Bernstein takes a goal, breaks it into tasks, assigns them to AI coding agents running in parallel, verifies the output, and merges the results. When agents succeed, the janitor merges verified work into main. Failed tasks retry or route to a different model.

### Why deterministic coordination

LLMs write code well. They schedule work across other LLMs badly. Most agent orchestrators use an LLM as the coordinator and hit the same failure modes: non-reproducible plans, silent coordination drift, token burn on meta-decisions a 200-line event loop does reliably. Bernstein inverts that. One LLM call upfront decomposes the goal; after that, scheduling, worktree isolation, quality gates, and HMAC-chained audit replay are all deterministic Python. Every run is bit-identically replayable.

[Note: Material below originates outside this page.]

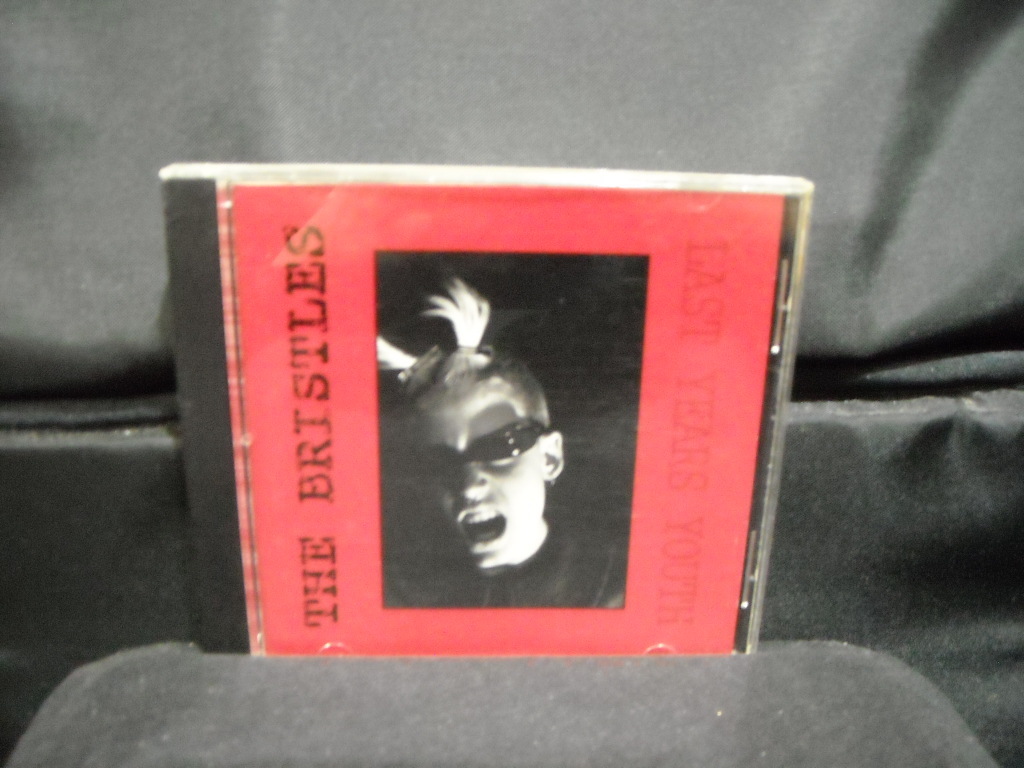 輸入盤CD/THE BRISTLES/ブリストルズ/LAST YEARS YOUTH/80年代USハードコアパンクHARDCORE PUNK_画像1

No framework to learn. No vendor lock-in. Agents are interchangeable workers. Swap any agent, any model, any provider.

```bash
pipx install bernstein
cd your-project && bernstein init
bernstein -g "Add JWT auth with refresh tokens, tests, and API docs"
```

```
$ bernstein -g "Add JWT auth"
[manager] decomposed into 4 tasks
[agent-1] claude-sonnet: src/auth/middleware.py  (done, 2m 14s)
[agent-2] codex:         tests/test_auth.py      (done, 1m 58s)
[verify]  all gates pass. merging to main.
```

Also available via `pip`, `uv tool install`, `brew`, `dnf copr`, and `npx bernstein-orchestrator`. See [install options](#install).

## Supported agents

Bernstein auto-discovers installed CLI agents. Mix them in the same run. Cheap local models for boilerplate, heavier cloud models for architecture.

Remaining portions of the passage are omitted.